Branch Messenger is an application that helps retailers reduce absences and increases productivity by improving company-wide communication. Branch CEO, Atif Siddiqi demonstrated how easy it was to upload shift schedules, even by taking a photo, share and swap with colleagues, all with integrated manager approval. The application also allows for, “Slack-like” communication and can integrate seamlessly with scheduling, Human Resources, Payment and other enterprise software. Branch Messenger will initially focus on the 45 million people in the US in retail and hospitality, but ultimately will go after the 600 million global market for hourly workers.

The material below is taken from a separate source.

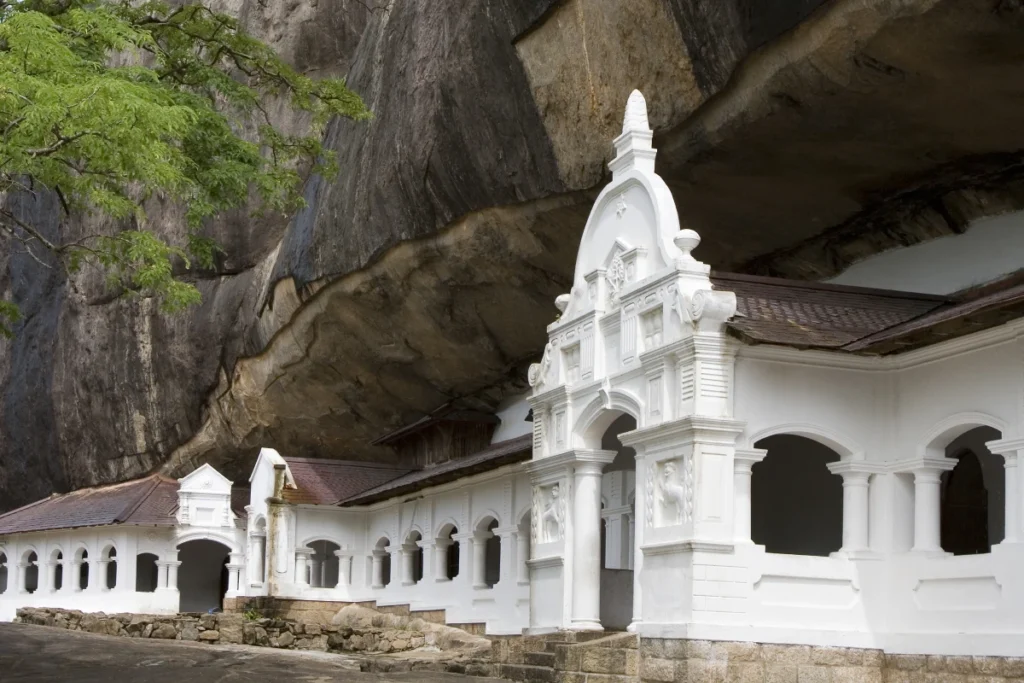 A white colonial-style building at the entrance of the Dambulla Cave Temple, built under a massive overhanging rock cliff. This UNESCO World Heritage site is a key cultural attraction and a highlight for any traveler on a tour with a leading Tour Company in Sri Lanka and professional Tour Operators in Sri Lanka.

CEO Francois Poirier presented MakerBloks’ dual-play experience that combines electronic building blocks with digital activity books. The basic set is $99 and comes with 18 “MakerBloks” that connect via magnets. It include switches, lights and resisters. The blocks can be used with an iPad app digital book. The team is currently working on expansion packs for music and the “spy” pack. Based in Montreal, MakerBloks is aiming to tap into the fast-growing connected toy market, which is growing 50% a year—from $4 billion in 2015 to $9 billion by 2019.

At least six of the start-ups were in some way working directly with Target, either selling in their stores directly, or Target was using their technology to improve operations and customer experience. Of the six, at least two were moving all or part of their operations to Minneapolis. Applications for the 2017 class open in January.